As suggested by Uauy’s email, DFC, DNB, International Finance Corporation, the Inter-American Development Bank, and other members of the Lender Group (like Germany’s KfW Development Bank and Brazil’s Banco Itau) will coordinate their response to the UN letter. The Lender Group’s Independent Environmental Consultant, ERM, will lead this effort.
ERM organizes a call to bring everyone up to speed, and after the call, a Social Risk Officer at DFC emails colleagues with a summary of the letter’s contents: “apparently the letter is claiming that the Project did not complete FPIC [Free, Prior and Informed Consent, as established in the UN Declaration of the Rights of Indigenous Peoples], amongst 5 other comments.” The 26 August chain of correspondence also includes a summary of a UN press release on the topic, with this quotation called out in bold:
“The Chilean Government would not be fulfilling its international human rights obligations if it prioritises economic development projects over the human rights to water and health,” said Léo Heller, UN special rapporteur on the human rights to drinking water and sanitation. He referred specifically to the Alto Maipo Hydroelectric Project, southeast of the capital, Santiago, and the avocado business in Petorca province in the Valparaiso, region north of Santiago.
Heller focuses his remarks on the Chilean government’s obligations to protect human rights. He goes on to suggest that steps taken by the government have been inadequate:
“Not only may this project reduce the main source of drinking water for residents of Santiago de Chile, it could also make air pollution in the capital worse,” Heller said, by damaging the “green corridor” of the Maipo River basin that has helped offset pollution.
During implementation of the project, which is due to come online in December, “although the Government has investigated damages to the environment no effective measure was taken to guarantee the human right to water for people affected by this megaproject”, Heller said.

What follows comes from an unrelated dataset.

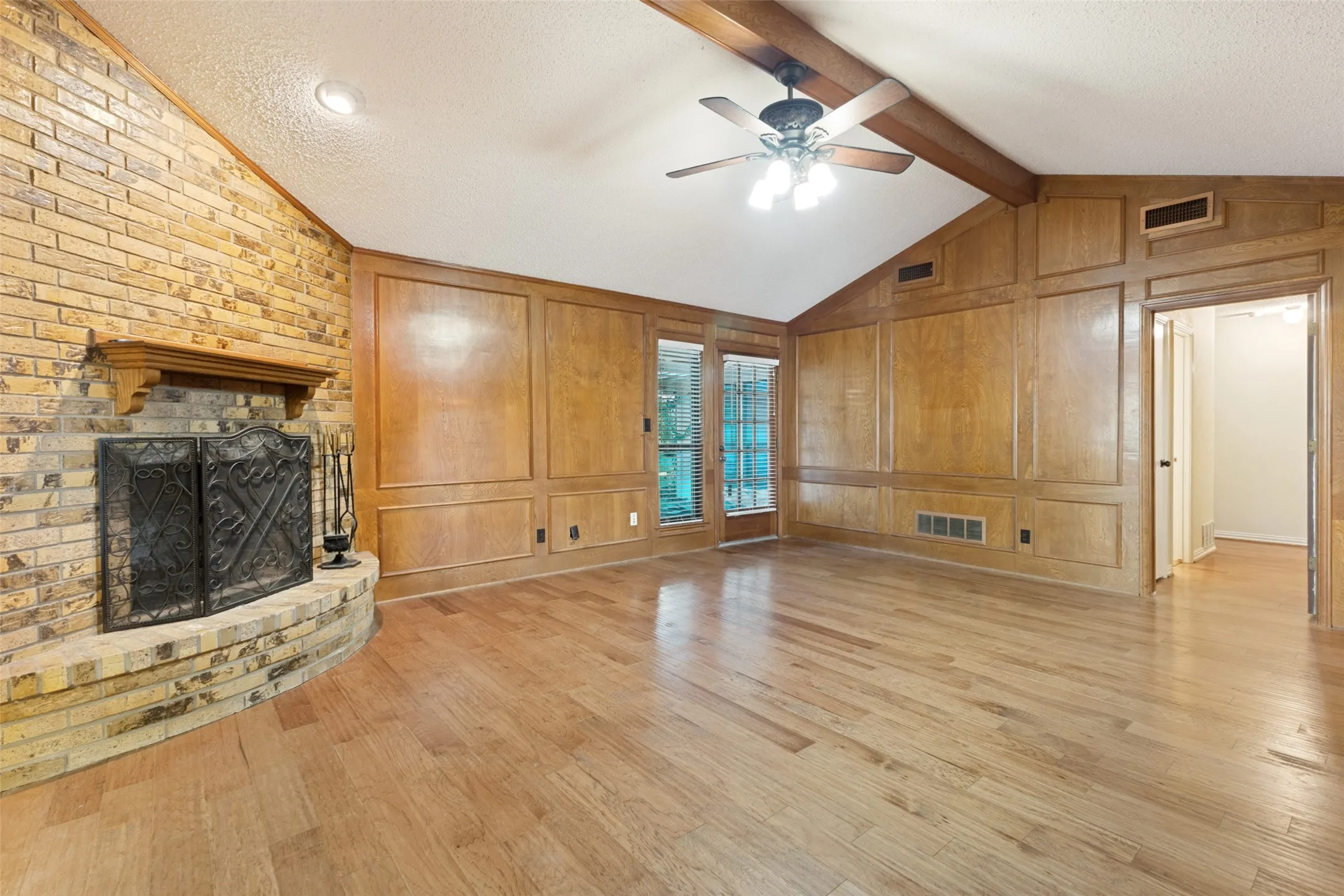 Beautiful wood burning fireplace.  I can almost see the holidays right here with stockings hanging and a tree nearby!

There is clearly a role — or an opportunity — for the Lender Group to help the Chilean government address these challenges. As funders, the DFC and the Lender Group have a shared, concomitant responsibility to respect human rights in the economic development projects they back; to this end, DFC has its own environmental and human rights policies and compliance procedures in place.
But by September 4, the DFC appears to have assumed a defensive posture. “The letter,” writes Kate Dunbar of the Office of Investment Policy, “has reiterated key issues claimed by the opposition group throughout the Project.” She no doubt has in mind the group — “the opposition” — led by the Center for International Environmental Law, the Chilean NGO Ecosistemas, and Coordinadora No Alto Maipo. These organizations have been monitoring the project and raising concerns over human rights due diligence since its inception.
By September 21st, as the deadline for responding to the letter approaches, this defensive stance has hardened among some members of the Lender Group: the UN letter “contains a series of allegations than contain with [sic] no support whatsoever,” writes one member of the International Development Bank, dismissively. A strategy takes shape:
DNB is on board with the suggestion that the Lender Group keep the response non-confrontational, “high level and pointing to public information and bank’s general procedures.” ERM produces a draft and revisions follow, but all of that is redacted.
It’s hard to say how much these redactions could matter. Overall, the impression is that the Lender Group had decided, by late September, to stonewall. If that impression is mistaken, I welcome corrections.